> **Task details**
Starting from the line that holds "Adidas Men's Cushioned Athletic Crew Socks", output exactly each line through the end of the listing. Do not copy pictures.

> **Data**

§ §

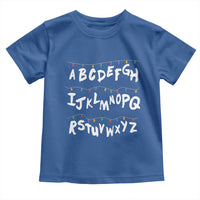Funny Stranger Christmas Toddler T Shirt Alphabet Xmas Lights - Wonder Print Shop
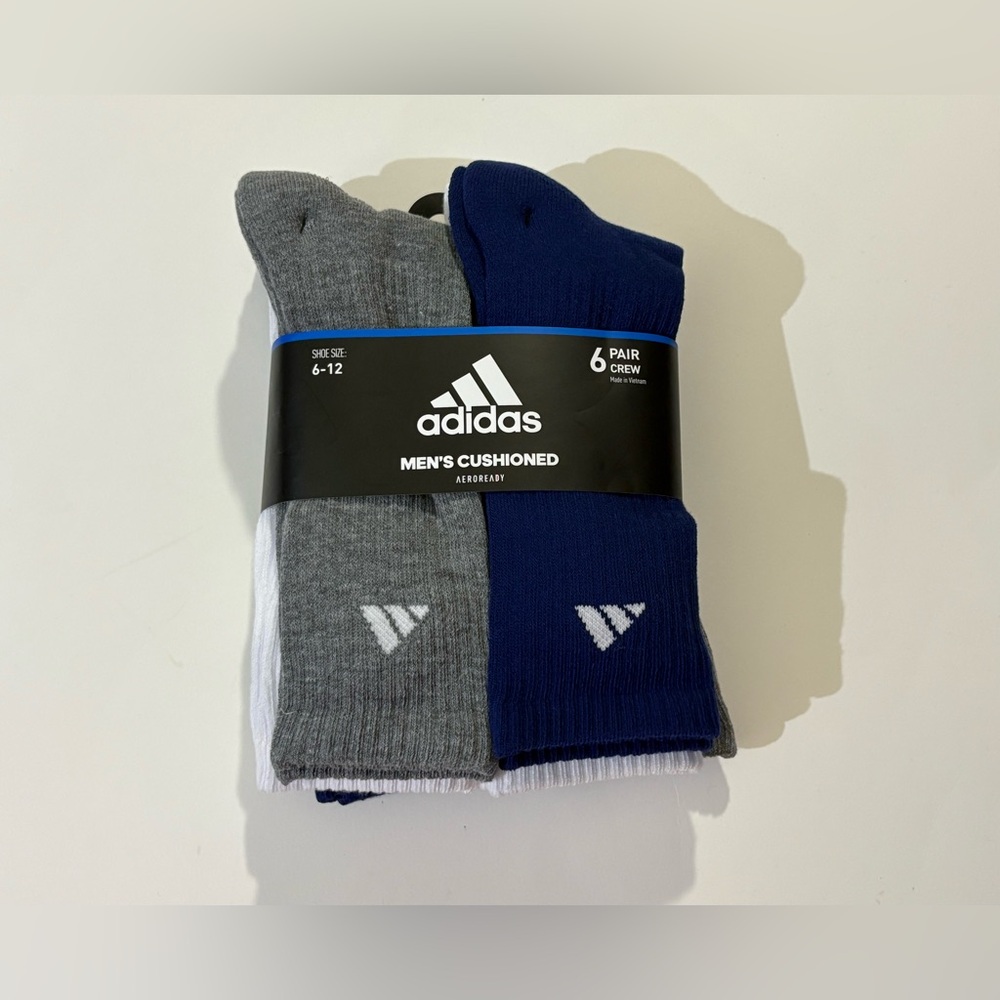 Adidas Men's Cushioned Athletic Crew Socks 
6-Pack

§ §

> **Answer to this problem**
 Adidas Men's Cushioned Athletic Crew Socks 
6-Pack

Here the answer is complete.